Number of Players & Substitutions

There are a total of ten players on the field at a time: 1 goalie, 3 defensemen, 3 midfielders and 3 attackmen. Player substitutions take place between periods, during timeouts and "on the fly" through the substitution "box" at midfield.


Length of the Game & Overtime

A high school game consists of four 12 minute periods, youth games tend to be much shorter (8-10 minutes). If there is a tie at the end of regulation, the teams play a series of 5 minute sudden overtime death periods until someone scores. Teams are allowed two timeouts per half and one in each overtime period.


The Stick

Players' "sticks" must be between 40-42 inches long and 52-72 inches in length for long sticks. There is a limit of four "long stick defensemen" on the field at any one time (per team). Sticks can be found illegal for length, depth of the "pocket," or if it has been altered to gain an advantage. A player who uses an illegal stick is given a 2-minute non-releasable penalty.


The Goal & Crease

The goal is 6’ by 6’. It is in the center of a “crease,” which is 9’ in radius or 18’ in diameter. The crease, and the rules governing it, are designed to protect the goalie. No player on offense may enter the crease at any time (unless pushed by a defender). Going in the crease on offense results in a change of possession, or a free clear if the goalie  has possession. Upon a save and gaining possession of the ball, the goalie has up to 4 seconds to remain in the crease with the ball.


The Face-Off

The start of play begins with a "face-off" at midfield. The official places the ball on the ground and, on his whistle, the face-off "specialists" and their two wing men battle for possession. All other players must remain behind the two point arc until one of the midfielders gains possession. Face-offs are held at the start of each quarter and after a goal is scored.

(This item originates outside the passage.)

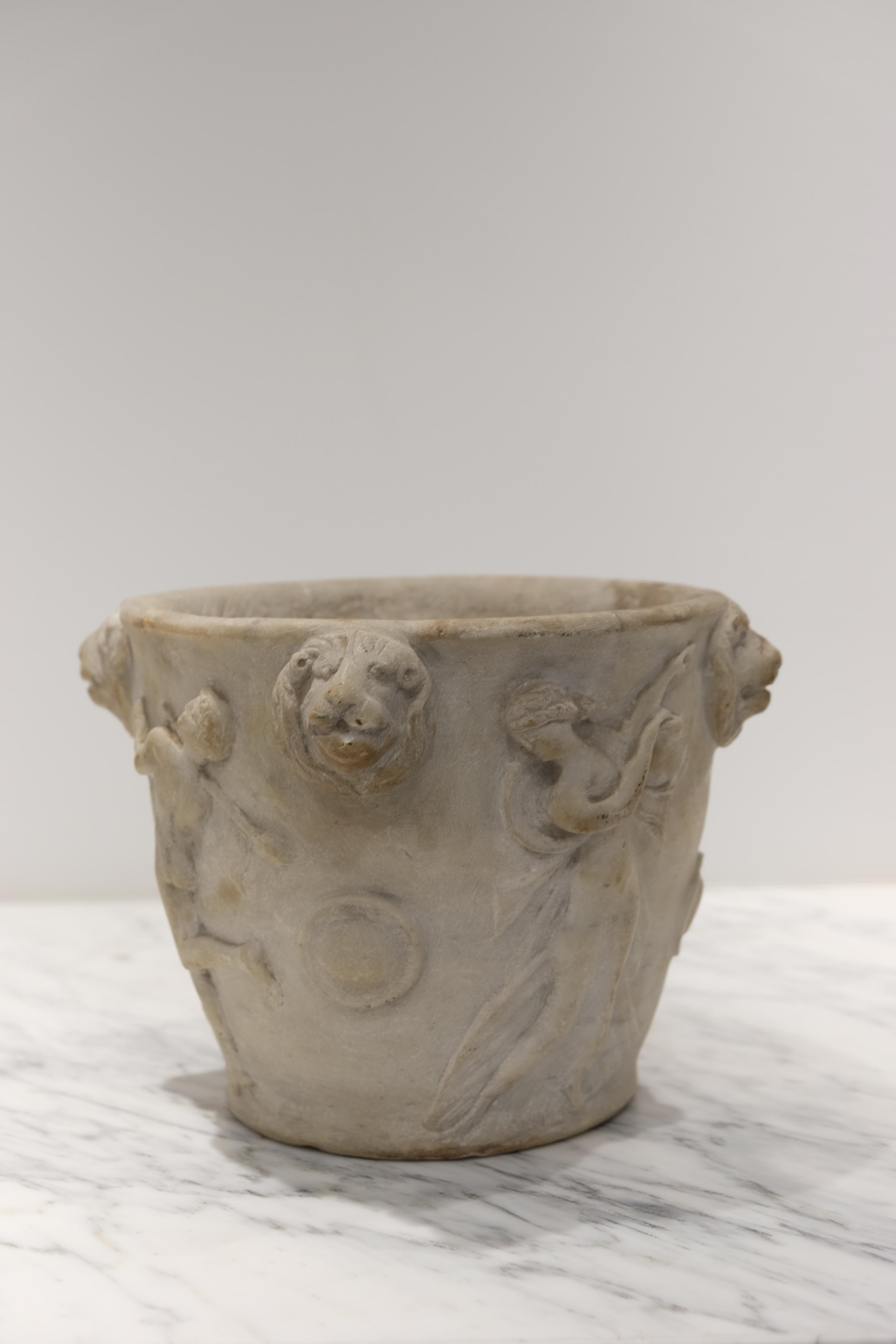 Neoclassical Carved Marble Planter-Cachepot -18th C In Good Condition In  Richmond, VA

Penalties are similar to those in ice hockey - illegal substitution, offsides, crease violation, holding, slashing, pushing, tripping, cross-checking, illegal stick or equipment, and game misconduct. Penalties range from a simple change of possession to time serving penalties, creating "man-up" opportunities similar to hockey's power play.



In order to remain on-sides, teams must keep three players on their offensive half of the field (typically 3 attackmen) and four on their defensive half (typically three defensemen and a goalie) at all times. Should the goalie or a defenseman wish to cross midfield while clearing the ball, they can have another player (midfielder) “stay back” for them until they return to the defensive end of the field. The same goes for an attackman who wishes to cross into the defensive half of the field while riding a player from the other team.


Chasing A Shot

After a missed shot, the team closest to the ball when it goes out of bounds is awarded possession. This can be on the endline or sideline.


Player Contact

A player may make physical contact with a player from the opposing team as long as that player is in possession of the ball, or within 5 yards of a “loose ball.”  When making contact, the player must have two hands on his stick, make contact above the knees and below the neck, from the front or the side, and cannot lead with his stick (crosschecking) or his head (illegal body check/contact to the head)


The Areas of the Lacrosse Field & Some Common Terms

“X” - refers to the area directly behind the goal crease. Most offenses, both settled and unsettled, are initiated through “X”.


“The Box” - refers to two places on the lacrosse field - the first is the Restraining Area delineated by the restraining line (side to side) and the two lines running from the restraining line to the endline. Offensive and defensive players must remain behind the restraining line during a face-off until one of the midfielders participating in the face-off gains possession or the ball enters the box area. In the last two minutes of a game, the winning team, or both teams if the game is tied, must keep the ball inside of their offensive box once it enters that area, or the result is a turnover.


The second “box” is the substitution area at midfield. Similar to ice hockey, teams may substitute players through the box while the ball is in play - one player comes off, one player goes on. These substitutions must occur on the proper side of midfield to avoid going offsides.


“The Crease” -  technically, it is the 9’ radius goal crease around the goal which protects the goalie. An offensive player who goes into the goal crease area commits a turnover, unless he is pushed or scores prior to entering the crease. The “Crease Area” typically refers to the area directly in front of the goal crease. Offenses typically have at least one player “on the crease” at all times - similar to having a player posted up in the lane in basketball.


“The Hole” - a defensive term for the area in front of the goal (crease area). Coaches will often yell to their players to “get in the hole” in unsettled defensive situations.


“Down the Side” - refers to a fundamental strategy in the transition game and unsettled situations in which the team going from defense to offense pushes the ball “down the side” to an attackman on the wing, who then distributes it to a second attackman at “X”.